I'm looking for a good rod/reel combo that I can learn surf fishing with. Any suggestions and comments would be appreciated.


----------



## Diggety (Dec 31, 2016)

What kind of budget are you working on?

Sent from my Pixel using Tapatalk


----------



## Croaker Chris (Feb 22, 2009)

200.00 ish ... If that is possible.


----------



## Eglinhunter (Apr 1, 2012)

I used Diawa bg 60 and bg 90 reels for many years. They make new series bg reels now. I'm not sure what's what size wise with the new ones. Put any of the bg reels on a ugly stick surf rod or used custom surf rod. You should be right in the $200 range and it will last many years if hosed off after each use.


----------



## Diggety (Dec 31, 2016)

I'd recommend an Ugly Stik 12' and a Penn SSV (or SSVI) 6000. Anything in the Penn Spinfisher series will last you for life and a 12' rod will give the reach you want for the surf.
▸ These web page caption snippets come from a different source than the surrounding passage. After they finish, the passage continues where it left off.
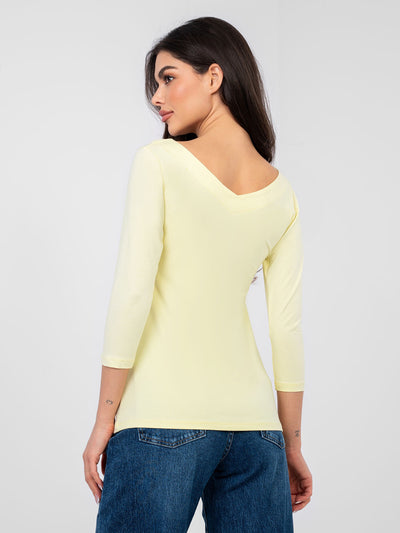 RUE PARIS  Pastelowa żółta bluzka basic z bawełny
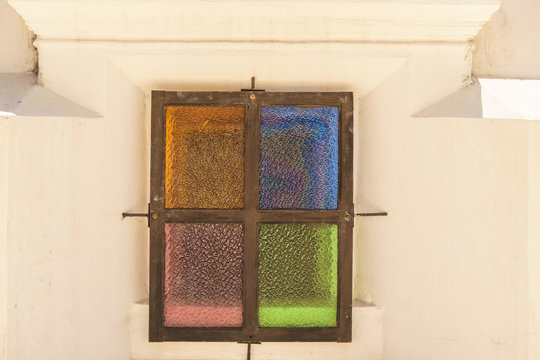 multicolor glass window. Antique or retro.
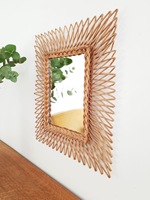 Miroirs muraux bohèmes de luxe faits à la main avec cadre en rotin, style côtier naturel, tendance, pour la décoration intérieure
Sent from my Pixel using Tapatalk


----------



## seejay (May 10, 2009)

Can't go wrong with an Ugly Stick, or an H2O express. I've been using Okuma ABF Avengers for 7 years and they are just as smooth as when I got them. I break them down every year and rinse down and spray with reel majic after every use. I have a BG 30 on a 9' clarus for sight casting from the beach.


----------



## jcallaham (Dec 13, 2009)

*modern surf set up*

will probably run about $250.00
okuma rockaway rod ,diawa bg 3500 size , with15 or 20llb braid. a spool of 20lb flouro for leaders ,some colored pomp floats, a handful of 2,3and 4 oz pyramid sinkers. Eagle claw circle sea hooks . a couple bags of fish bites or fish gum if you can get some.


----------



## welldoya (Oct 5, 2007)

Check pawnshops for Penn 6500ss, 7500ss or 8500ss. Make sure they are made in USA.
You should be able to get in for $100 or so.


----------



## Jeremiah (Aug 29, 2020)

I use a Penn Battle 3 6000 high speed ($149 or so) with a 10ft Okuma Longitude surf rod ($60 or so). Only been at it a few months, but loving it!


----------